LOS ANGELES (AP) — Confidence among U.S. homebuilders rose this month to its highest level in six and a half years, driven by strong demand for newly built homes and growing optimism that the housing recovery will strengthen next year.
The National Association of Home Builders/Wells Fargo builder sentiment index released Monday increased to 46, up from 41 in October. That's the highest reading since May 2006, just before the housing bubble burst.
Readings below 50 suggest negative sentiment about the housing market. The index last reached that level in April 2006. Still it has been trending higher since October 2011, when it stood at 17.
The survey is based on responses from 417 builders. The index sank to 8, its lowest point dating back to 1985, in January 2008.

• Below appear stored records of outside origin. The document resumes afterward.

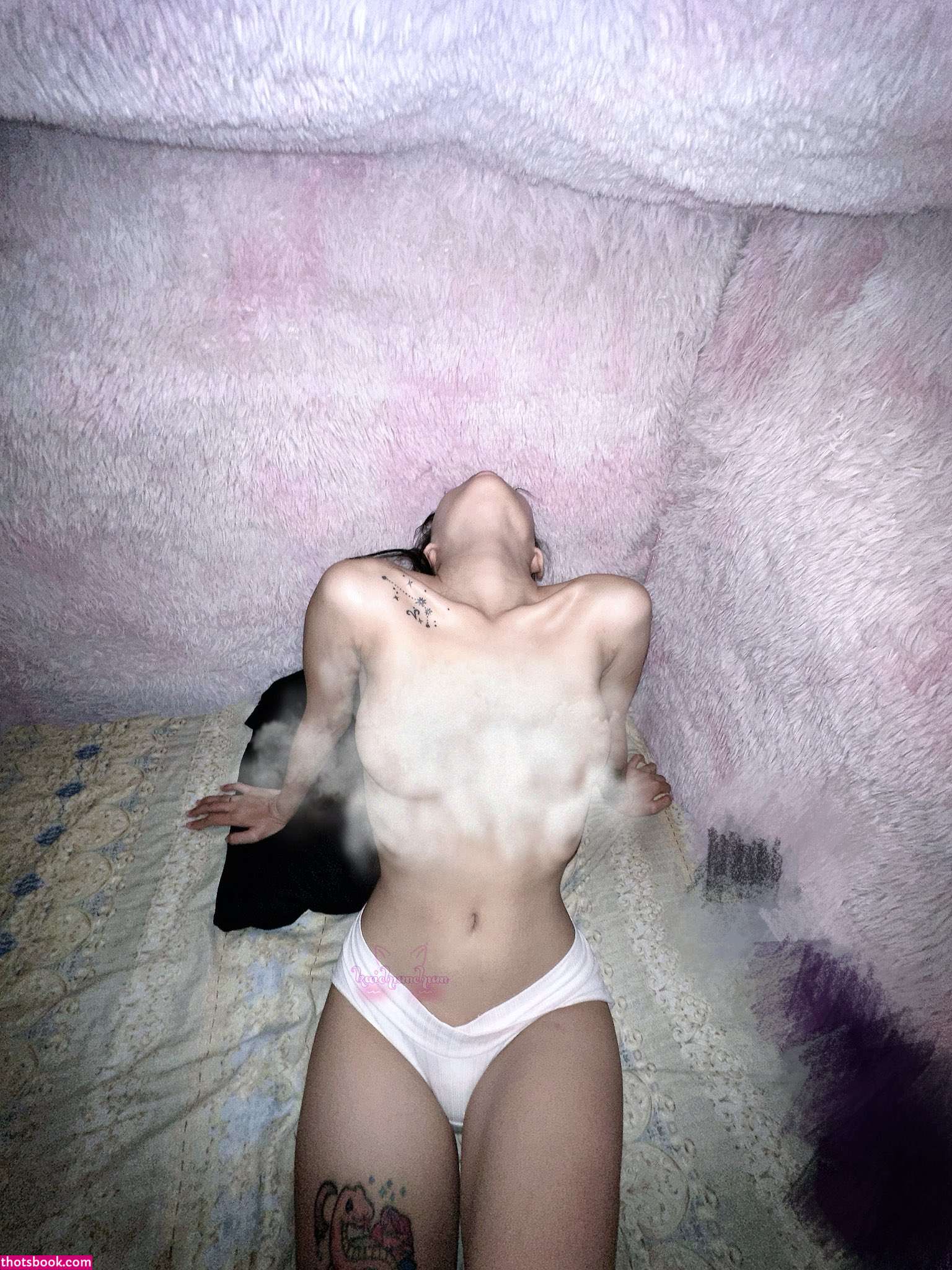 Kaichumchum Photo #22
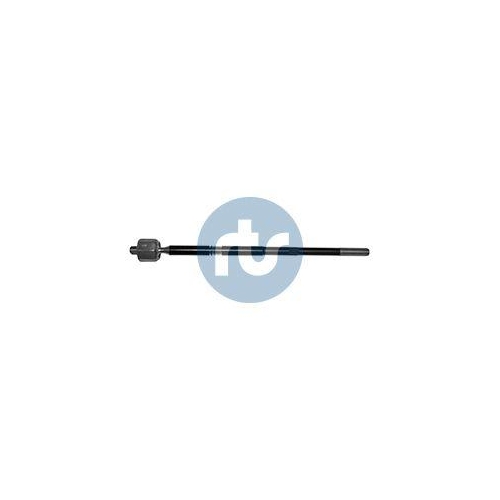 RTS Axialgelenk, Spurstange 92-09195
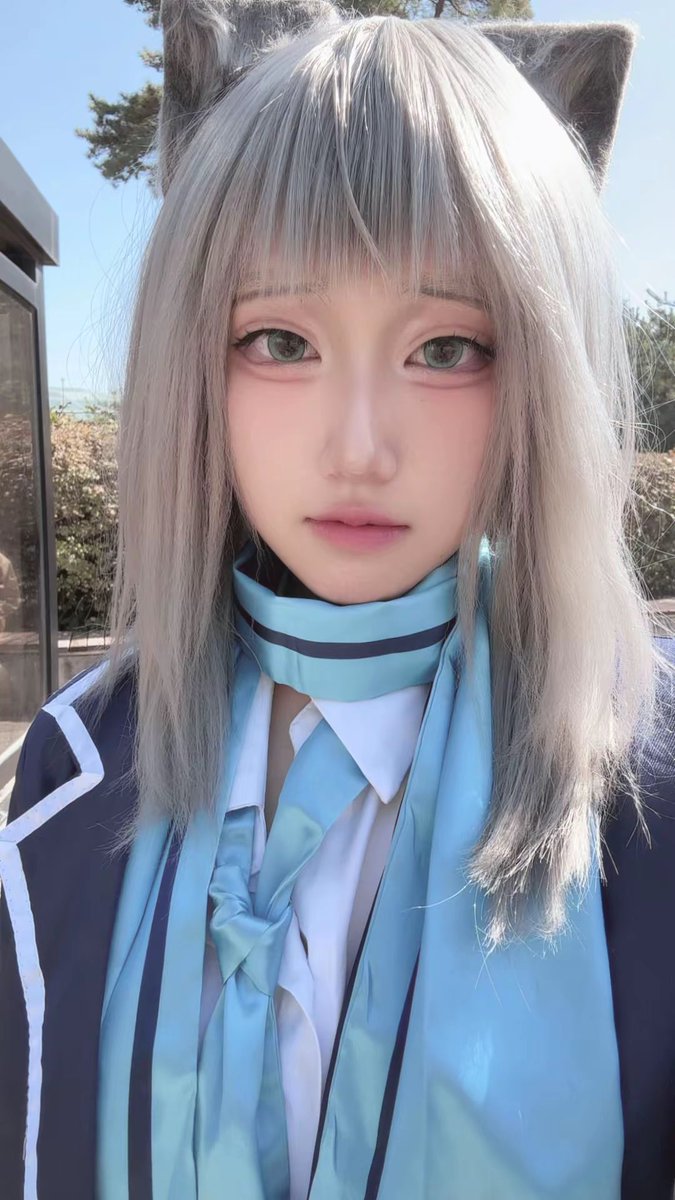 xwouu9's tweet photo. 우히히 https://t.co/EAViWRSzoY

Builders' confidence has improved this year as the housing market has shown signs of a sustained turnaround.
U.S. sales of new homes hit a seasonally adjusted annual rate of 389,000 in September, an increase of nearly 6 percent from the previous month and the highest level in more than two years.
All told, sales of new homes have increased 27.1 percent over the past year, although sales remain well below healthy levels. Data on new-home sales in October are due out next week.
Sales of previously occupied homes rose 2.1 percent in October to a seasonally adjusted annual rate of 4.79 million, the National Association of Realtors said Monday. The sales pace is roughly 11 percent higher than a year ago, though sales remains below the more than 5.5 million that economists consider consistent with a healthy market.
Home sales have been bolstered by the lowest mortgages rates in decades. The average rate on the 30-year fixed mortgage has been below 4 percent all year. And that's helped drive home prices higher in many markets.